Additional Resources

Publications & Presentations

In early 2021, the Community Food Navigator held a series of conversations and workshops designed and facilitated by ChiByDesign, and focused on growers and food producers led by or serving Black, Brown, and Indigenous communities. The findings of these conversations, compiled in a report by ChiByDesign, highlight the unmet needs and opportunities for community-led food systems, and ground this project’s vision and values. Thank you to all who participated in the workshops.

Read the Executive Summary.

The Community Food Navigator is grateful to have participated in the 17th Annual Chicago Food Justice Summit hosted by the Chicago Food Policy Action Council.

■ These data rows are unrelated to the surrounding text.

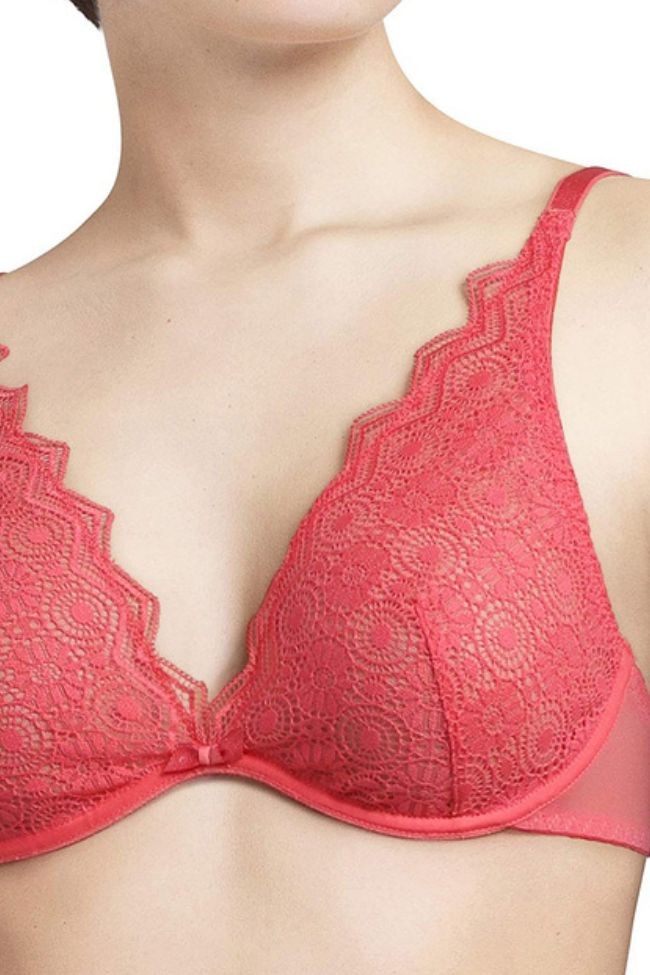 Passionata Non Padded Bra Coral Passionata - 3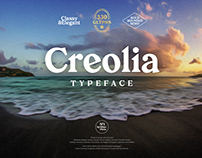 Creolia Typeface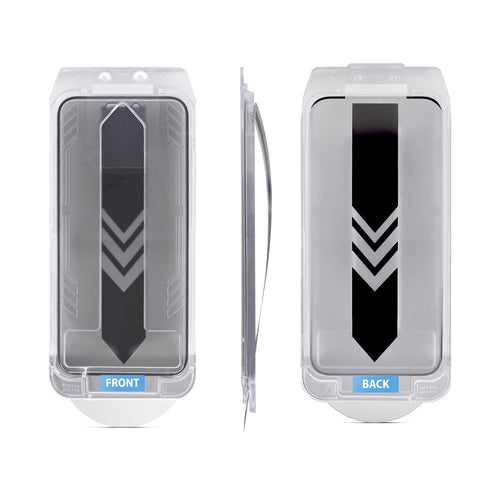 StarTech.com Filtro de Privacidad de 4 Vías y 360 para iPhone 16 - Antiespía para iPhone - Filtro Horizontal y Vertical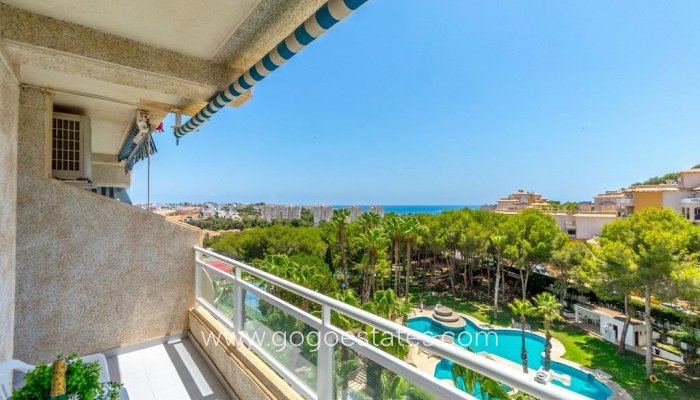 Te koop - Appartement - Appartement op de middelste verdieping - Orihuela - Orihuela Costa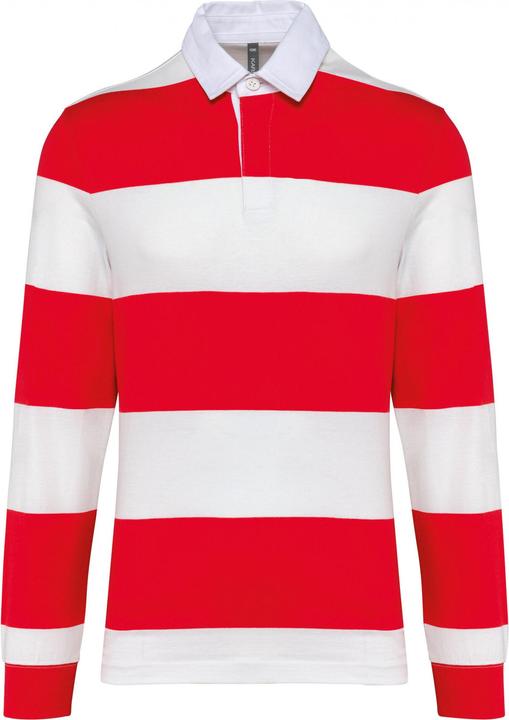 Strisce Bianche, Red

Our session provided an update on the Community Food Navigator, including the launch of our website and a sneak peek at some of the digital tools we’re developing. The video is available to watch: 

Frequently Used Terms

  • BIPOC: Black, Indigenous, and People of Color 
  • Community Partners: General reference to all who participated in the workshops and interviews. This includes urban growers and food producers, social enterprise and small business leaders focused on community and economic development, people working in policy, human services, food security, public health, academia, mutual aid, community gardens, and high school youth in farm training programs.
  • Grower: Anyone producing fresh, local food.
  • Food Sovereignty: Food sovereignty is a food system in which the people who produce, distribute, and consume food also control food production and distribution mechanisms and policies. This stands in contrast to the present corporate food system, in which corporations and market institutions dominate the global food system.
  • Community Food Advocates: Policy makers, public health and/or urban agriculture, and inclusive of community space, environmental justice, equitable community development policy advocates.
  • Reparations: The making of amends for a wrong that has been done. Reparations for victims of human rights violations are meant to recognize and address the harms suffered and acknowledge wrongdoing. Financial compensation — or the payment money — is only one of many different types of material reparations that can be provided to victims. Other types include restoring civil and political rights, erasing unfair criminal convictions, physical rehabilitation, and granting access to land, health care, or education.¹
  • Food Literacy: Understanding the impact of your food choices on your health, the environment, and our economy –and understanding that these impacts are not experienced equitably. Building upon existing traditional, cultural, and indigenous knowledge. Acknowledge and address generational gaps in knowledge due to lack of access and prevalence of healthy food, facilities to learn how to prepare and consume food, cultural support / reinforcement to choose such foods, and early education to break negative cycles.
  • Sustainability/Sustainable Development: Focuses on meeting the needs of the present without compromising the ability of future generations to meet their own needs. The concept of sustainability is composed of three pillars: economic, environmental, and social—also known informally as profits, planet, and people.
  • Circularity/Circular Economy: A regenerative system in which resource input and waste, emission, and energy leakage are minimized by slowing, closing, and narrowing material and energy loops. This can be achieved through long-lasting design, maintenance, repair, reuse, remanufacturing, refurbishing, and recycling.
  • Biodynamics: Holistic, ecological, and ethical approach to farming, gardening, food, and nutrition.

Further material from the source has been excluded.